First we prove the theorem is false for all k > 1, K > 1, and any n satisfies ${n \choose k}$ > K > $({n-1 \atop k})$.
In order to construct a counterexample, for any large N and A = [N], we have to construct a coloring function f such that for all n-subset A' of A, if B' consists of all k-subsets of A', some of the K-subsets of B' have different colors. Here we have the following observation:
Observation 1. Under the conditions that k, K > 1 and ${n \choose k}$ > K > $({n-1 \atop k})$, any K-subset of B is a subset to at most one B' constructed by a n-subset A' of A.
The observation can be easily seem by representing as hypergraphs. Let A be nodes of the graph G, an n-subset A' of A is the node set of a complete n-subgraph in G. B' is the set of k-hyperedges in the complete subgraph (a 2-hyperedge is a normal edge), and K-subsets of B' are the every combinations (there are $({|B'| \atop K})$ in total, where |B'| = ${n \choose k}$) of K k-hyperedges. The observation states: any K-tuple of hyperedges in G belongs to at most one complete n-subgraph, which is obvious for ${n \choose k}$ > K > $({n-1 \atop k})$, since any two complete n-subgraphs intersect at most n-1 nodes, with at most $({n-1 \atop k})$ hyperedges.
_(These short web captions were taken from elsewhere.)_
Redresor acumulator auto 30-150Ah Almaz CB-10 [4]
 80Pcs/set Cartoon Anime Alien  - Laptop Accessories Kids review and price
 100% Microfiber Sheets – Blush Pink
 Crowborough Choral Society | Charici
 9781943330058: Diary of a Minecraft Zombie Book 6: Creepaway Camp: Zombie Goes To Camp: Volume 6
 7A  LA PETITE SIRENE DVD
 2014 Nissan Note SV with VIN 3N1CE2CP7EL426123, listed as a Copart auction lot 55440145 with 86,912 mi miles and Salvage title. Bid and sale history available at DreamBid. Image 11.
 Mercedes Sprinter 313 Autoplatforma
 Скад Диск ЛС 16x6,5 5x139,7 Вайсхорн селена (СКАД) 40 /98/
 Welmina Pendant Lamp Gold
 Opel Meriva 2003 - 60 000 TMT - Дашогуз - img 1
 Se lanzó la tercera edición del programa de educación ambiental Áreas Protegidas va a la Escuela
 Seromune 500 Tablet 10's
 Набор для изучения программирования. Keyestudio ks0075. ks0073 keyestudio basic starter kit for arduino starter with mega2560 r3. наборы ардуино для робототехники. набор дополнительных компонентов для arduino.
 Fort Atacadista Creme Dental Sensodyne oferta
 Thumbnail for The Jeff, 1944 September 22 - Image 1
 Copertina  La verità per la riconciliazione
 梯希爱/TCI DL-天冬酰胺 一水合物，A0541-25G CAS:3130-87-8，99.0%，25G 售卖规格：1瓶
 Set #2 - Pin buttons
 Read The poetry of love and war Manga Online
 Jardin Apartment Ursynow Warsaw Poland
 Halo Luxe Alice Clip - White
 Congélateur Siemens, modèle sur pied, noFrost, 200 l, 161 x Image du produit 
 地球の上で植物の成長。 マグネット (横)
Then we can assign different colors within K-subsets C' of a particular B' constructed by a n-subset A', since any element in C' will not occur as another K-subset of B'' constructed by a n-subset A''. For any K-subset of B not constructed by any n-subset of A, we assign random color on it. Now we have a coloring function f, with the property that no B' constructed by n-subset of A is monochromatic, that is, some of the K-subsets of B' have different colors.
Next we show that the theorem is also false for all k > 1, K > 1, and any n satisfies ${n \choose k}$ > K. Here the only difference is n may be chosen so large, that K > $({n-1 \atop k})$ is not true. But by another simple observation:
Observation 2. If some B' constructed by an n-subset A' of A is monochromatic, then every B'' constructed by an n'-subset A'' of A' for n' < n is also monochromatic.
Hence we can assume the theorem holds on the larger n, apply the second observation, and concludes a contradiction by the first case, by setting n' satisfies $({n' \atop k})$ > K > $({n'-1 \atop k})$; such n' must exist by the fact that $({n \atop k})$ > K and K > $({k \atop k})$, n' must lie between n and k+1.